We choose accuracy as the evaluation criteria, and the results are shown in Figure 13. As can be seen from the results, the accuracy of our model is 0.9734, and the accuracy of using the entire API sequence is 0.8246. The accuracy of using the CNN model is 0.9325. The accuracy of using the SVM model is 0.9143.

Through comparative experiments, we can find that our method, the second, and the third methods are more accurate than the method based on the overall API execution sequence. It shows our method, that is the feature extraction method based on local maliciousness extraction API fragment, is effective. Because the sample has been confused, it also reflects that our feature extraction method has a degree of anti-interference ability.
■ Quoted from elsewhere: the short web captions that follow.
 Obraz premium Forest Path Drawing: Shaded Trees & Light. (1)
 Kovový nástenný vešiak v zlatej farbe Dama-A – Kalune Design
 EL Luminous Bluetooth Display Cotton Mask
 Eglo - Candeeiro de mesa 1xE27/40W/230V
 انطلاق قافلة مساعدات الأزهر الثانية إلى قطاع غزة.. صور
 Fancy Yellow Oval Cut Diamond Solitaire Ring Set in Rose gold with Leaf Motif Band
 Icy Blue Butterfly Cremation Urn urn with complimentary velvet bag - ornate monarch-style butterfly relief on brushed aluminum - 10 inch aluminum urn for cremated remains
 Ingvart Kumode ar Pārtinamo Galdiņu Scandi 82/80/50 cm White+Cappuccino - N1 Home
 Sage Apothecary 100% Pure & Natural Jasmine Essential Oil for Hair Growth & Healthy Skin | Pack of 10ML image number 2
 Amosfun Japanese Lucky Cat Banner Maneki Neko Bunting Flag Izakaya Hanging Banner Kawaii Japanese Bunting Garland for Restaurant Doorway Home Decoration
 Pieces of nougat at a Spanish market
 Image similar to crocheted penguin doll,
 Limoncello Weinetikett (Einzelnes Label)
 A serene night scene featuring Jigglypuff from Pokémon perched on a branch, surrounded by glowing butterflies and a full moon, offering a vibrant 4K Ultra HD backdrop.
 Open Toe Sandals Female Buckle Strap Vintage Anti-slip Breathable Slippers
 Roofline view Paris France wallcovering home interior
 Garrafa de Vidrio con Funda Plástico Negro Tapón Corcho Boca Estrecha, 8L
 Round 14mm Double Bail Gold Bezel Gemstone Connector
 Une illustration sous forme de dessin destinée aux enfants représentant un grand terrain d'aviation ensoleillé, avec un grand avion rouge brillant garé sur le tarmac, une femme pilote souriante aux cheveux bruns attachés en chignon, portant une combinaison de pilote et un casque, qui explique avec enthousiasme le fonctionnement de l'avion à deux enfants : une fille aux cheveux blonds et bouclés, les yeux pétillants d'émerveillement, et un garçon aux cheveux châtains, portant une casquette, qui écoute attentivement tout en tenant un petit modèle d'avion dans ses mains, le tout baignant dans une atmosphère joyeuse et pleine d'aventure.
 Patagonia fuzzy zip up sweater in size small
After adopting the same feature extraction method, by comparison, it can be found that the accuracy of the LSTM-based model is higher than that of the CNN and SVM models. Further analysis shows that our data are derived from API execution sequences with sequence characteristics. Our model is based on LSTM, which is very effective for processing data with sequential relationships. The CNN model is very effective for learning image features and is very effective for learning data with local features. SVM is a classic traditional machine learning model, but its learning ability is weaker than deep learning models such as LSTM and CNN. From the above analysis, we can see that our LSTM model is better for this kind of data with a sequential relationship. It is also the reason why the SVM is the lowest, CNN is the second, and our LSTM model is the highest.

As far as previous research is concerned, they usually did not delve into the local meaning of the API sequence. The general methods are to transform the API sequence as a whole and enter it into the model for training.

Meanwhile, the innovation of past methods about API sequence is focused on the elimination of redundant API functions or the construction of the corresponding conversion sequence [4, 15, 16]. But no matter how they reform, these ideas are still based on the overall API sequence. It makes their methods easily disturbed once malware developers take countermeasures. This inevitably leads to the lack of anti-interference for their model, which makes it difficult to have practical significance and to exert the powerful ability of deep learning.

In fact, the confused sample we constructed does not cover all the confrontation techniques, but it strongly proves the effectiveness of our extraction method based on local maliciousness and verifies our innovation.

5. Conclusion

We analyze the local maliciousness of malicious code, based on which we design a deep learning-based ensemble learning detection framework for API fragments. We use interference-handled samples for training and validation. The results show that our method can effectively resist interference. Our method also effectively explores the application of deep learning in the field of malicious code detection, which has a strong practical significance. In the future work, we will further study the combination of prior knowledge and deep learning.

Data Availability

Research data related to this article are deposited in the Ali-Tianchi contest dataset repository: Ali-Tianchi contest dataset (https://tianchi.aliyun.com/competition/entrance/231668/information).

Conflicts of Interest

The authors declare that they have no conflicts of interest.

Acknowledgments

This work was supported by the grants from the National Key Research and Development Program of China (Project no. 2017YFB0802800).